> _INPUT DATA_:
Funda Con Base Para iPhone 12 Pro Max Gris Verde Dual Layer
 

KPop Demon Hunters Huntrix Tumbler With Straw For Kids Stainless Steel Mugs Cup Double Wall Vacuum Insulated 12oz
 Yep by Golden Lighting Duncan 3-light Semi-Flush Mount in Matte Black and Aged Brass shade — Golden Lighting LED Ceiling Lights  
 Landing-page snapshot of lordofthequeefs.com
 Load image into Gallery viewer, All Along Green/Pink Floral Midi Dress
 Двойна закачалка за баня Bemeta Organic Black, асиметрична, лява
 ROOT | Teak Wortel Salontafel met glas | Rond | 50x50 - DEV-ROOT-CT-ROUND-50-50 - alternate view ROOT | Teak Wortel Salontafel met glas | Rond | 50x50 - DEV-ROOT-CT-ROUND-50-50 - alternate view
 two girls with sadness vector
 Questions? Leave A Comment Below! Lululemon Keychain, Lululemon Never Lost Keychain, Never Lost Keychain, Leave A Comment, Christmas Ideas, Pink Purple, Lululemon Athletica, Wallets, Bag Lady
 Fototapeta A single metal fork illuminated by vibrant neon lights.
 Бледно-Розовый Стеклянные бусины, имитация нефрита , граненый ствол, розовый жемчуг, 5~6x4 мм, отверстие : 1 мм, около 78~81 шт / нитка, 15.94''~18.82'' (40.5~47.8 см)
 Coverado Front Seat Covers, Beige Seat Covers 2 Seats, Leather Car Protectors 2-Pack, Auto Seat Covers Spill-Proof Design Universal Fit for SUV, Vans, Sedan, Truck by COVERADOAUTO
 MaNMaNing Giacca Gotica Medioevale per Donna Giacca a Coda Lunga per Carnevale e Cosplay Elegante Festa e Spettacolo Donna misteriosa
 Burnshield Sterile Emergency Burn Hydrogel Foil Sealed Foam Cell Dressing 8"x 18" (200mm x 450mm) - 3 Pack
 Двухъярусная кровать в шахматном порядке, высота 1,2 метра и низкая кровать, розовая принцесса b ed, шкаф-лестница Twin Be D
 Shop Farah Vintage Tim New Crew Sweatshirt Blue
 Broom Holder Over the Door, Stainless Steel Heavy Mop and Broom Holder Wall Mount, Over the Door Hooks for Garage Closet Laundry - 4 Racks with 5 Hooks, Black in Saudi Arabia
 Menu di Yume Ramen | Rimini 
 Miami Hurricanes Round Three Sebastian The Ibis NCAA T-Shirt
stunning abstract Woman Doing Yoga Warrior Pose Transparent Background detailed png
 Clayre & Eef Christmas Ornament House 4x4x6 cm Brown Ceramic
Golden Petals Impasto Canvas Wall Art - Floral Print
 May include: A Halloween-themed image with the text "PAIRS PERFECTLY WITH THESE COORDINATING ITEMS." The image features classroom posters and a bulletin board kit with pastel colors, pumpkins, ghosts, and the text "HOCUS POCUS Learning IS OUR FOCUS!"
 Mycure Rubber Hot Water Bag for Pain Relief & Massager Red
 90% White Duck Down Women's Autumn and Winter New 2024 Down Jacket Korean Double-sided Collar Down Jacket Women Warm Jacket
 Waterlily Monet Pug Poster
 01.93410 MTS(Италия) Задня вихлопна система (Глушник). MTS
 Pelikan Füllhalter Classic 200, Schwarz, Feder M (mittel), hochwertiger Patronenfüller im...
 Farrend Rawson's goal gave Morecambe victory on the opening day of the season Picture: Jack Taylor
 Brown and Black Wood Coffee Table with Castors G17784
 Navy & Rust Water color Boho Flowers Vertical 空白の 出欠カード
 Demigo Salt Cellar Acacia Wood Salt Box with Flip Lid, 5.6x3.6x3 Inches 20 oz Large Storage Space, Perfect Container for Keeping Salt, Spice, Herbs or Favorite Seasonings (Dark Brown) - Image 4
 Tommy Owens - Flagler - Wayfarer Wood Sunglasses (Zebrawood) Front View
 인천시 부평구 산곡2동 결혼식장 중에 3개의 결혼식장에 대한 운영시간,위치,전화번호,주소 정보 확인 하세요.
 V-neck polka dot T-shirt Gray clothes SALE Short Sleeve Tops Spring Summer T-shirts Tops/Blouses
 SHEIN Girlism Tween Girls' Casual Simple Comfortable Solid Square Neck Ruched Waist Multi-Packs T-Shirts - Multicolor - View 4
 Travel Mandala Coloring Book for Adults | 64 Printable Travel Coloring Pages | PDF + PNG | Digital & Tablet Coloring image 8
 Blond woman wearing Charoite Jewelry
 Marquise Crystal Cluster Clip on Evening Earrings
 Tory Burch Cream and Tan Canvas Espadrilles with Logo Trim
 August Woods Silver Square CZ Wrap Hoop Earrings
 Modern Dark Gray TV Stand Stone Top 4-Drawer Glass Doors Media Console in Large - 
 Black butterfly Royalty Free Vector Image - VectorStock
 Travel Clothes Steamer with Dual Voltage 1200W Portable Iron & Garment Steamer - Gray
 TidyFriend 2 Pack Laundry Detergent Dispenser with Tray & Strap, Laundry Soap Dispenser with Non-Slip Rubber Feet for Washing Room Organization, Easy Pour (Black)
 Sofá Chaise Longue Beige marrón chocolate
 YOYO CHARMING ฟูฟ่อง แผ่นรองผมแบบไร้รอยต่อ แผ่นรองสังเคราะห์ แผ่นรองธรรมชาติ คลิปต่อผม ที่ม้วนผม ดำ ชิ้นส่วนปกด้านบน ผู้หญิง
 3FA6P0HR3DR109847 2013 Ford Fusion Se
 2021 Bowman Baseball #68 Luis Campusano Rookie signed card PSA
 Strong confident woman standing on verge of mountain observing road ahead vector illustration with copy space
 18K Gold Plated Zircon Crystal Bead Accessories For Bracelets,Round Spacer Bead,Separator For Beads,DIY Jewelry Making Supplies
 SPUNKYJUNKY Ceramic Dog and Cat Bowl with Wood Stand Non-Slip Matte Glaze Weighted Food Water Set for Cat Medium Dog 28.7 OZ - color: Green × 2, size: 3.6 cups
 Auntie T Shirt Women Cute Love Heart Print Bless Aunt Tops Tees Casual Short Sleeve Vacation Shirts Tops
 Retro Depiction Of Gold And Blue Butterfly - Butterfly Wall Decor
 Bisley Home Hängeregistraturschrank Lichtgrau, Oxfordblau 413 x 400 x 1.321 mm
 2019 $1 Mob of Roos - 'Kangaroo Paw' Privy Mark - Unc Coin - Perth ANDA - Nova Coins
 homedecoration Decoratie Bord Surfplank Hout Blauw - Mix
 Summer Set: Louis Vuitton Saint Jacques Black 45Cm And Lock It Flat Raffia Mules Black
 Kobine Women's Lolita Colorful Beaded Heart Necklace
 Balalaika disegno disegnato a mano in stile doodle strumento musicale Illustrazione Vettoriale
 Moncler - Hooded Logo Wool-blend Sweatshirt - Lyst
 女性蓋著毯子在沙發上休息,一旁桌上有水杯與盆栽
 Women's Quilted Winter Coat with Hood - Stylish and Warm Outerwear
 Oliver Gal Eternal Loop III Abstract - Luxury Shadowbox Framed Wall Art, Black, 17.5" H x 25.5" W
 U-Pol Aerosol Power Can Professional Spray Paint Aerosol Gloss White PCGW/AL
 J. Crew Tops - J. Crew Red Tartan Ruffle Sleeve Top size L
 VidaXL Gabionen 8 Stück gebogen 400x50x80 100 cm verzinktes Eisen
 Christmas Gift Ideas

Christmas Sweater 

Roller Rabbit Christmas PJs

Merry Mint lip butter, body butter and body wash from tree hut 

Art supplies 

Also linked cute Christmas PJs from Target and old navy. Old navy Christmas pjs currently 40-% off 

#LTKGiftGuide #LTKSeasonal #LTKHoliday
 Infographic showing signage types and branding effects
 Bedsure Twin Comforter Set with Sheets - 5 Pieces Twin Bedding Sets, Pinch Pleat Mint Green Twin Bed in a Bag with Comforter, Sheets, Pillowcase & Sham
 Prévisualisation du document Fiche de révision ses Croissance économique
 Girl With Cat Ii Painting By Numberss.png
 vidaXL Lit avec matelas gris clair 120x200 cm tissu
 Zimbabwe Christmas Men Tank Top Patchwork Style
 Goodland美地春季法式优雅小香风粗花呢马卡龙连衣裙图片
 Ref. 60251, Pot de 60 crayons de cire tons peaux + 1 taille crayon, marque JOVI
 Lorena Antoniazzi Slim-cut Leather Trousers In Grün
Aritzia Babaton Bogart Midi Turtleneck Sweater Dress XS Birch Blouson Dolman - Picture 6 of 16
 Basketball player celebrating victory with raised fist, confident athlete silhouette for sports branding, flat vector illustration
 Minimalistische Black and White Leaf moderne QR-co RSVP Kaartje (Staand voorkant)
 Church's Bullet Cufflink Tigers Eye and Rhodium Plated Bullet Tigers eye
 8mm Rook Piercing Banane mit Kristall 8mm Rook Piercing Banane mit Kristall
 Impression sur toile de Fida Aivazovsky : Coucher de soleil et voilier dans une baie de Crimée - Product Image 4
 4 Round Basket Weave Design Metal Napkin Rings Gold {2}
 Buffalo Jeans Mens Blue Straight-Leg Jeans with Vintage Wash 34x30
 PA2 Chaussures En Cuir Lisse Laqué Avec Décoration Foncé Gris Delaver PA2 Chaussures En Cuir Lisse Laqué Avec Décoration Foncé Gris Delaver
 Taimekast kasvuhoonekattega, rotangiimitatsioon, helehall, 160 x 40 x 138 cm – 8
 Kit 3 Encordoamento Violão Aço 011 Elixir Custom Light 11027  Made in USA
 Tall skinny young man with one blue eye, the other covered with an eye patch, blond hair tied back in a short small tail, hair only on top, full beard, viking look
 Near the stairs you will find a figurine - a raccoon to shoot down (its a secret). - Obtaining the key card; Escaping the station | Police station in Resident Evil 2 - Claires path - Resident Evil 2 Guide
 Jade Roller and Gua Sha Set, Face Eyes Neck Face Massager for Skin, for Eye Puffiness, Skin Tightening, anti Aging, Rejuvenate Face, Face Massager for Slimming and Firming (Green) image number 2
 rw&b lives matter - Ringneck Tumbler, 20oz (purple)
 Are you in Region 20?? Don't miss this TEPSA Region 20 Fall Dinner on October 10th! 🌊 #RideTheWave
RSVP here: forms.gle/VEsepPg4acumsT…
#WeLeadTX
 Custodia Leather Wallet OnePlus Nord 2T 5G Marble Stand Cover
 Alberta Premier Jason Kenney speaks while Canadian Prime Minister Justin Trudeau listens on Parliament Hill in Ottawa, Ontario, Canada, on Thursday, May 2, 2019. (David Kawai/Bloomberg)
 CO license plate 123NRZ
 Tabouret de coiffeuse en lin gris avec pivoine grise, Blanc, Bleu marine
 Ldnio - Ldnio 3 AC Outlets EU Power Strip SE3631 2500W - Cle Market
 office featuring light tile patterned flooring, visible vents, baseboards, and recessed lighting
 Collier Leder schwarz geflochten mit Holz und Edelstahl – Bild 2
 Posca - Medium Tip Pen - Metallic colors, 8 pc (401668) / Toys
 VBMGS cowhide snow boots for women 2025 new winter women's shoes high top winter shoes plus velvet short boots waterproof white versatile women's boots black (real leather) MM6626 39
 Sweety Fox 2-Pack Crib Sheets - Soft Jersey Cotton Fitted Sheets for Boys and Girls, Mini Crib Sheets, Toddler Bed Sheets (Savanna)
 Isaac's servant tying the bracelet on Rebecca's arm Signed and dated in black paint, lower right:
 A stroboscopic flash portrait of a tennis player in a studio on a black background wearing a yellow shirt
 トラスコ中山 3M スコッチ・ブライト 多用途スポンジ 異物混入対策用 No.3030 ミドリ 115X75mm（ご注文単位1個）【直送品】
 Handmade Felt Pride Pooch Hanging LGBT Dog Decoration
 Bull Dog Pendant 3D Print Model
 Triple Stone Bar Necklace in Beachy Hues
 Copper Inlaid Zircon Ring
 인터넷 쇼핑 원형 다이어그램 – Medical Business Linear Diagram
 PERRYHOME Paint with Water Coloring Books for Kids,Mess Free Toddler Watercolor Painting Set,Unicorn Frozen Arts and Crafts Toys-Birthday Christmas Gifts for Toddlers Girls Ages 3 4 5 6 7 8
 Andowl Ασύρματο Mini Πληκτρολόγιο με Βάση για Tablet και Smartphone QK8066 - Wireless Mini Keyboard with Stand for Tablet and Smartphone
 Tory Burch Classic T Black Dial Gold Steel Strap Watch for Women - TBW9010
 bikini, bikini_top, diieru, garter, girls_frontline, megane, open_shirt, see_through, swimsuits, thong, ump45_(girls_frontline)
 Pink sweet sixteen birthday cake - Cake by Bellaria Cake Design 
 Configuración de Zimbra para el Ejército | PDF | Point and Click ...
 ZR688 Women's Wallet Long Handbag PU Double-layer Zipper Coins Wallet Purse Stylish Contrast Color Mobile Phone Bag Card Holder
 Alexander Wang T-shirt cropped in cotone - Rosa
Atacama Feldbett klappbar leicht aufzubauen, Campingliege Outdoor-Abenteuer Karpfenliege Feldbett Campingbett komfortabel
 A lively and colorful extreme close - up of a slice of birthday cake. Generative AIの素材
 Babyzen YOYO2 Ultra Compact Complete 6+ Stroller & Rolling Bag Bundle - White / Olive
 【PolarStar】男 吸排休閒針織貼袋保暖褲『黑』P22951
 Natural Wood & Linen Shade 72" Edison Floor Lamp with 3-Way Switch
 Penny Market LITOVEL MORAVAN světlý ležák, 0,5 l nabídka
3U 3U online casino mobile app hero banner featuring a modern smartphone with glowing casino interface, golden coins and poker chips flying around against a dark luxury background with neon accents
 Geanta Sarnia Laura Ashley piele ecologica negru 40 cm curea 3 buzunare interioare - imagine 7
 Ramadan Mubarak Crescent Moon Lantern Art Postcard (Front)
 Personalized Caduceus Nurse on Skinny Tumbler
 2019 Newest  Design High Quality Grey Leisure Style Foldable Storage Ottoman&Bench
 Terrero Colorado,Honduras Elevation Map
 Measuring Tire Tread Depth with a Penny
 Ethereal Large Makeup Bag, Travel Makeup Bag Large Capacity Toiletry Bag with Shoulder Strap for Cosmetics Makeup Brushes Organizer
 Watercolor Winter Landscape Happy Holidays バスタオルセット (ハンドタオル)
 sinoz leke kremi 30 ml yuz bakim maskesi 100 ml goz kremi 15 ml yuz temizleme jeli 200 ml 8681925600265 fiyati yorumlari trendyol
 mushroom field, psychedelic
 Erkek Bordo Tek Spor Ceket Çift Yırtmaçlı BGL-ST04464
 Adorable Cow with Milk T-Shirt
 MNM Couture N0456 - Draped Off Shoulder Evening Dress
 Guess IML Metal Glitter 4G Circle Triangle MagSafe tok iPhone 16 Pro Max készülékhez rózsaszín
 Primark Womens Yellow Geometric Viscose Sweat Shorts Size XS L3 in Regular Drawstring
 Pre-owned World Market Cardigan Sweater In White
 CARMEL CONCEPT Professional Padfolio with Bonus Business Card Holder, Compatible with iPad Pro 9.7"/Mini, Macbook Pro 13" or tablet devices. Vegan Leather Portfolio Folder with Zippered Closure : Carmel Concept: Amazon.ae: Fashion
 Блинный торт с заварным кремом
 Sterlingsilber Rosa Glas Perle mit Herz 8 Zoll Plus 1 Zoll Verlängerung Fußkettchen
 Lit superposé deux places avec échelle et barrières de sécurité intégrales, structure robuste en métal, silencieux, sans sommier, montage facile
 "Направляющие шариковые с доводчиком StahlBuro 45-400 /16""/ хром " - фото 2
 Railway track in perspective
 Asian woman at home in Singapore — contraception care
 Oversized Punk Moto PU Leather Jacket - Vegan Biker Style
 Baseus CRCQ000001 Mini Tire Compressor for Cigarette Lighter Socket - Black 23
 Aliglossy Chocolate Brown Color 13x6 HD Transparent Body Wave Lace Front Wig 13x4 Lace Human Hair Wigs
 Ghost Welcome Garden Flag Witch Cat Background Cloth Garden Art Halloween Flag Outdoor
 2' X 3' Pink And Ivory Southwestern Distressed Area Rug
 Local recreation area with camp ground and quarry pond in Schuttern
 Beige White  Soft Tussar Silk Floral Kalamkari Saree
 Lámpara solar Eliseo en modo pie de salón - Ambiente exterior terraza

> _WHAT TO DO_: Among the lines above, find the one with "Goodland美地春季法式优雅小香风粗花呢马卡龙连衣裙图片" and the one with "Custodia Leather Wallet". Quote both and everything between them, exactly.

> _SOLUTION TO THIS PROBLEM_:
 Goodland美地春季法式优雅小香风粗花呢马卡龙连衣裙图片
 Ref. 60251, Pot de 60 crayons de cire tons peaux + 1 taille crayon, marque JOVI
 Lorena Antoniazzi Slim-cut Leather Trousers In Grün
Aritzia Babaton Bogart Midi Turtleneck Sweater Dress XS Birch Blouson Dolman - Picture 6 of 16
 Basketball player celebrating victory with raised fist, confident athlete silhouette for sports branding, flat vector illustration
 Minimalistische Black and White Leaf moderne QR-co RSVP Kaartje (Staand voorkant)
 Church's Bullet Cufflink Tigers Eye and Rhodium Plated Bullet Tigers eye
 8mm Rook Piercing Banane mit Kristall 8mm Rook Piercing Banane mit Kristall
 Impression sur toile de Fida Aivazovsky : Coucher de soleil et voilier dans une baie de Crimée - Product Image 4
 4 Round Basket Weave Design Metal Napkin Rings Gold {2}
 Buffalo Jeans Mens Blue Straight-Leg Jeans with Vintage Wash 34x30
 PA2 Chaussures En Cuir Lisse Laqué Avec Décoration Foncé Gris Delaver PA2 Chaussures En Cuir Lisse Laqué Avec Décoration Foncé Gris Delaver
 Taimekast kasvuhoonekattega, rotangiimitatsioon, helehall, 160 x 40 x 138 cm – 8
 Kit 3 Encordoamento Violão Aço 011 Elixir Custom Light 11027  Made in USA
 Tall skinny young man with one blue eye, the other covered with an eye patch, blond hair tied back in a short small tail, hair only on top, full beard, viking look
 Near the stairs you will find a figurine - a raccoon to shoot down (its a secret). - Obtaining the key card; Escaping the station | Police station in Resident Evil 2 - Claires path - Resident Evil 2 Guide
 Jade Roller and Gua Sha Set, Face Eyes Neck Face Massager for Skin, for Eye Puffiness, Skin Tightening, anti Aging, Rejuvenate Face, Face Massager for Slimming and Firming (Green) image number 2
 rw&b lives matter - Ringneck Tumbler, 20oz (purple)
 Are you in Region 20?? Don't miss this TEPSA Region 20 Fall Dinner on October 10th! 🌊 #RideTheWave
RSVP here: forms.gle/VEsepPg4acumsT…
#WeLeadTX
 Custodia Leather Wallet OnePlus Nord 2T 5G Marble Stand Cover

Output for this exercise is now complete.